= WORK ORDER =
Drop every image, then reproduce the data exactly as given.

= DATA EXTRACT =
◇ ◇ ◇ ◇ ◇ ◇ ◇
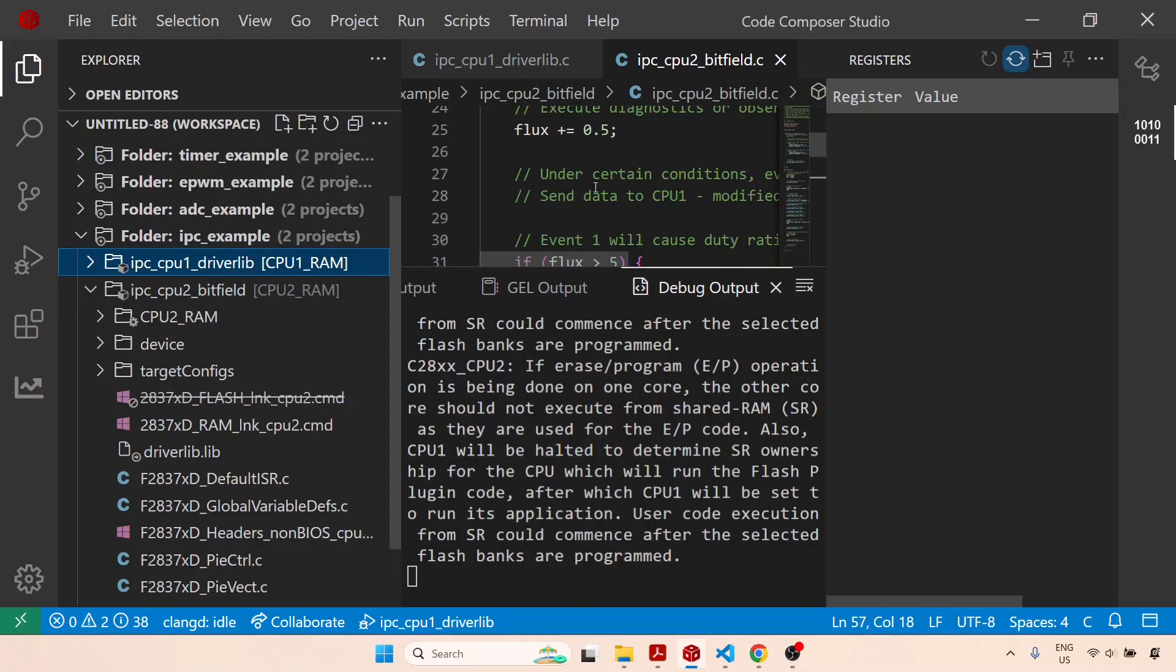Hello everyone, welcome back to this next lecture. In the previous lecture I executed this IPC example project, but I only showed you the debug window. We did see from the debug window that the flux variable was changing, and in the receiving CPU, which is CPU1, the CMPA value was changing according to the change in the flux variable.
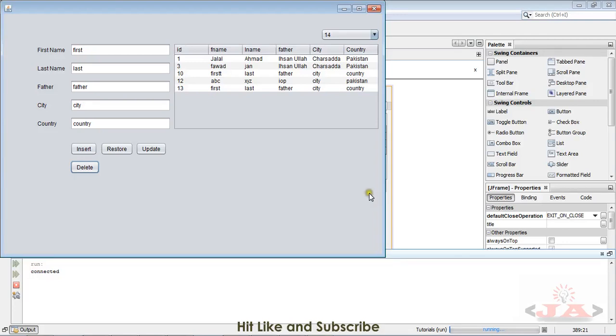Bismillah ar-Rahman ar-Rahim. My name is Jalal Ahmad and I welcome you to our Java Swing series. Up till now we are done with the delete part of our CRUD series.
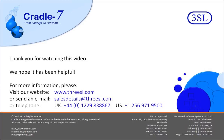Thank you for watching this video. We hope it has been helpful. For more information, please visit our website, or contact us using the details on the screen.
◇ ◇ ◇ ◇ ◇ ◇ ◇
= ANSWER TO THIS PROBLEM =
Hello everyone, welcome back to this next lecture. In the previous lecture I executed this IPC example project, but I only showed you the debug window. We did see from the debug window that the flux variable was changing, and in the receiving CPU, which is CPU1, the CMPA value was changing according to the change in the flux variable.
Bismillah ar-Rahman ar-Rahim. My name is Jalal Ahmad and I welcome you to our Java Swing series. Up till now we are done with the delete part of our CRUD series.
Thank you for watching this video. We hope it has been helpful. For more information, please visit our website, or contact us using the details on the screen.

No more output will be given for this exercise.